Com mais ação do que o primeiro, tentativa de crítica da política americana e estrelas no filme, o Homem de Ferro 2 me apeteceu os olhos mais do que o filme anterior. Porém, faltou enredo que dá toda emoção heroíca ao filme.

Enfim, para fazer algo no friozinho do final de semana, eu recomendo o filme. #fikdik

segunda-feira, 12 de abril de 2010

Estão todos bem

Olá, pipoqueiros de plantão! E aí aproveitaram o final de semana?
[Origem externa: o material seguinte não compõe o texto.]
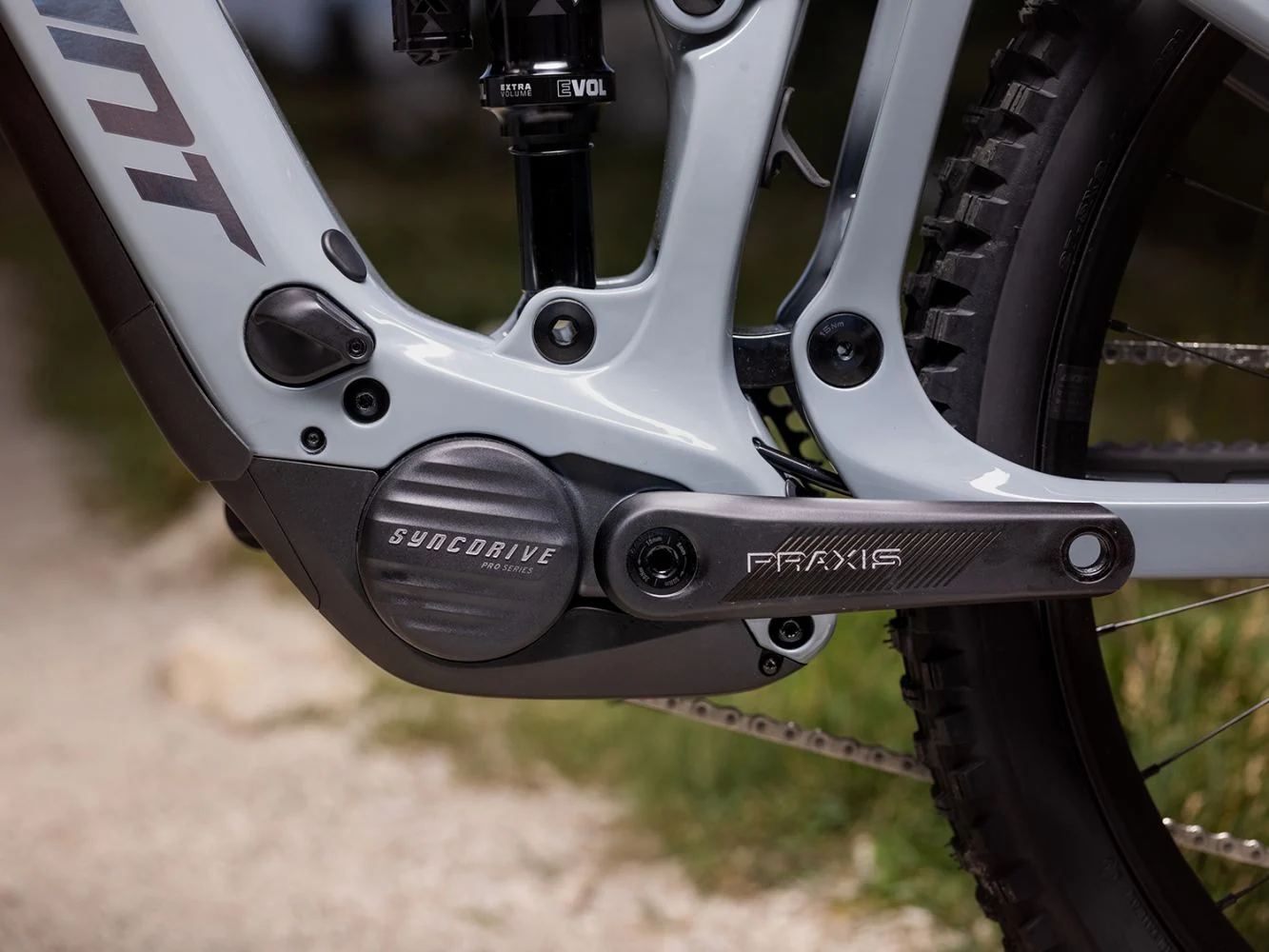 SyncDrive Pro 4 tuottaa Giantin mukaan 120 Nm vääntöä ja enintään 850 watin huipputehon. 48 voltin moottorin ilmoitettu paino on 2,4 kilogrammaa. Kuva: Giant.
Espero que sim, pois o meu aproveitei vendo muitos, mas muitos filmes! Um deles foi Donnie Darko, porém prefiro não falar sobre ele hoje por dar muito pano pra manga e hoje estou correndo para sobrar tempo para ver mais filmes. Nesse friozinho de folga, né?!


Um filme que vi na sexta e que ainda vai estrear no cinema é ''Estão todos bem'' (Everybody's fine).

A história gira em torno do viúvo Frank, vivido por Robert de Niro, que viaja com uma mala e otimismo pelos Estados Unidos para fazer uma surpresa para seus quatro filhos, Amy (Kate Beckinsale), Rosie (Drew Barrymore), Robert (Sam Rockwell) e David que alegam falta de tempo para se reunirem com o pai. Porém a supresa mesmo fica por conta das notícias boas e ruins que chegam e são escondidas de Frank trazendo todo um drama para o filme.
Trata-se da pressão e expectativa de um pai tem com um filho e de como que o pai vai lidar com o fracasso ou sucesso deles, se vai aceitar-los como são. Um filme que prende quem está assistindo e faz lágrimas rolarem no final. Fica aqui a minha dica e digo: sim, eu chorei.
Super recomendo para aqueles que gostam de um drama e de Robert de Niro.

Besos, besos e essa semana voltarei com mais dicas de cinema pra vocês!!

segunda-feira, 5 de abril de 2010

Como treinar seu dragão


Salve, salve pipoqueiros de plantão!

Sou Cacá Machado e decidi criar este blog para postar minhas experiências no cinema e em casa praticando meu hobby e mantendo meu vício: ver filmes.
E hoje quero dividir a mais recente experiência:

"Como treinar seu dragão" é uma animação que em alguns cinemas está circulando em 3D. Não tive a oportunidade de ver com meu óculos favorito, mas mesmo assim o filme manteve a graça. A estória trata de uma comunidade vicking, que quando adultos matam dragões para sobrevivência.

Soluço, o personagem principal, é filho do grande vicking da aldeia, mas não tem o mesmo talento que o pai de matar dragões. Até que sem querer acaba capturando uma espécie temida por todos na aldeia chamada ''Fúria da Noite''. Um dragãozinho bem simpático (embora no início assuste Soluço) que após perceber que o dragão é deficiente o ajuda treinando e o ensinando a voar com a protése de uma cauda.

Com o desenrolar da estória o menino ,que ao mesmo tempo treina o dragão, é treinado e mais tarde obrigado a matar dragões. O filme mostra como Soluço lida com o dilema de recusar o destino de todo vicking e fazer o que sabe de melhor que é treinar dragões ou não desapontar seu pai mantendo a tradição da geração vicking.

A trama segue com animação e tratando de assuntos delicados com normalidade como a deficiência ajudando o filme a ser minha recomendação da semana para os que não perdem um cineminha passatempo!
E #fikdik de que melhor será se for em 3d.